• [Data supplied]:

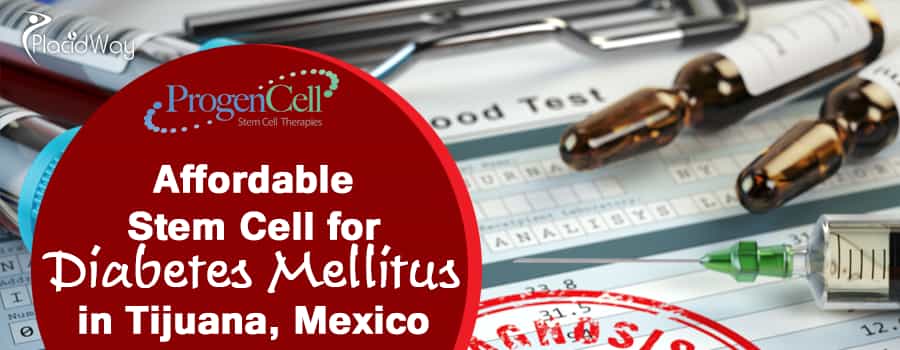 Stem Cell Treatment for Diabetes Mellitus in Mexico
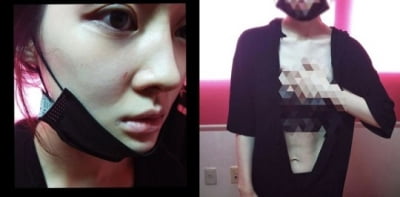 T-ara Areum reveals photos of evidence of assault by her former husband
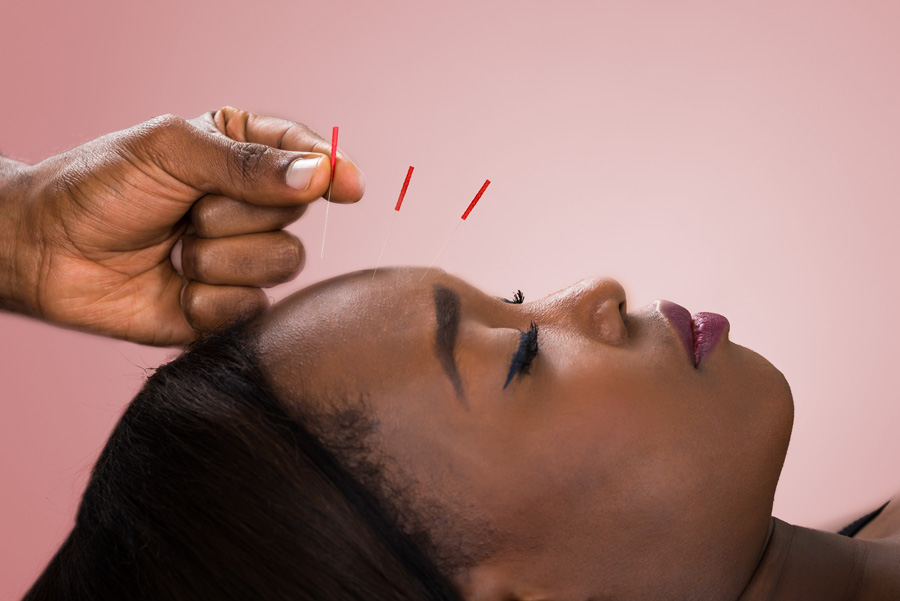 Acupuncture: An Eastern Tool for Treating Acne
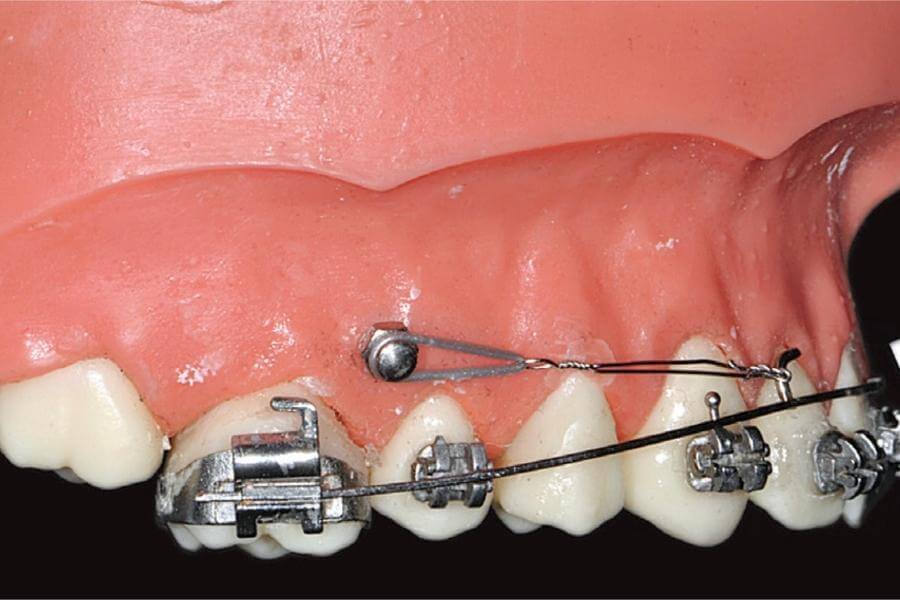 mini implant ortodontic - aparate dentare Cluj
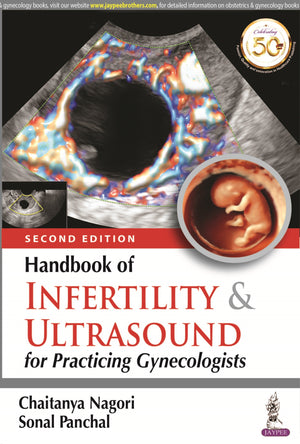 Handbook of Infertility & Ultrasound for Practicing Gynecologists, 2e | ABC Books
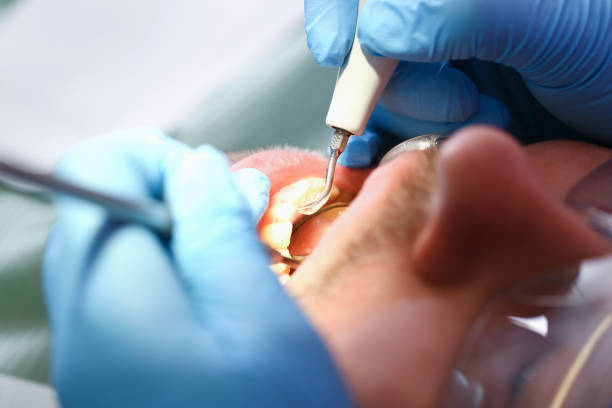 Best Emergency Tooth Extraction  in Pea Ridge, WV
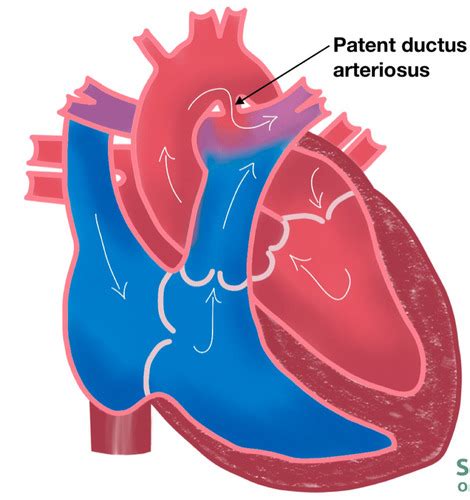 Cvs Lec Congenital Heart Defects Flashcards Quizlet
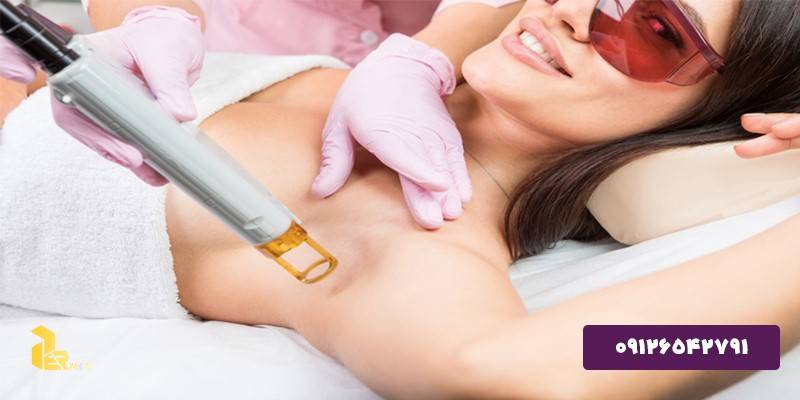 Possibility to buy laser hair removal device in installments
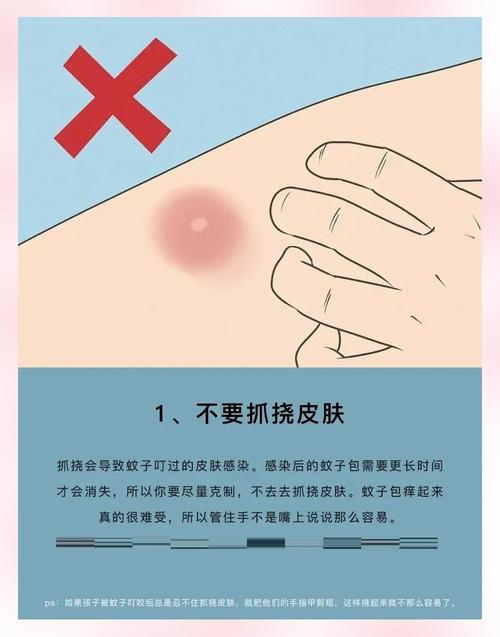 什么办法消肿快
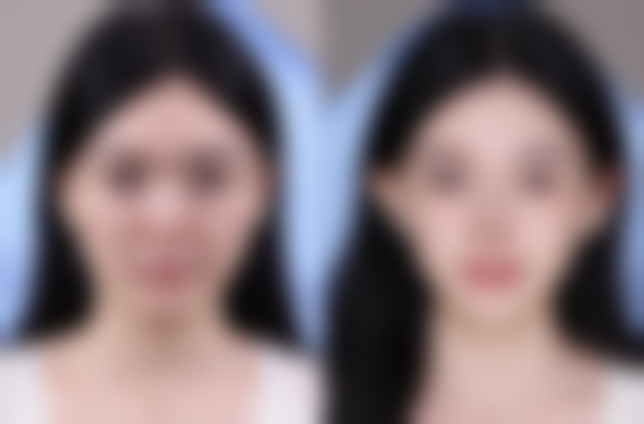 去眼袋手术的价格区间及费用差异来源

• [Exercise requirements]: Reproduce every record above exactly, omitting the pictures.

• [Solution to this task]:
 Stem Cell Treatment for Diabetes Mellitus in Mexico
 T-ara Areum reveals photos of evidence of assault by her former husband
 Acupuncture: An Eastern Tool for Treating Acne
 mini implant ortodontic - aparate dentare Cluj
 Handbook of Infertility & Ultrasound for Practicing Gynecologists, 2e | ABC Books
 Best Emergency Tooth Extraction  in Pea Ridge, WV
 Cvs Lec Congenital Heart Defects Flashcards Quizlet
 Possibility to buy laser hair removal device in installments
 什么办法消肿快
 去眼袋手术的价格区间及费用差异来源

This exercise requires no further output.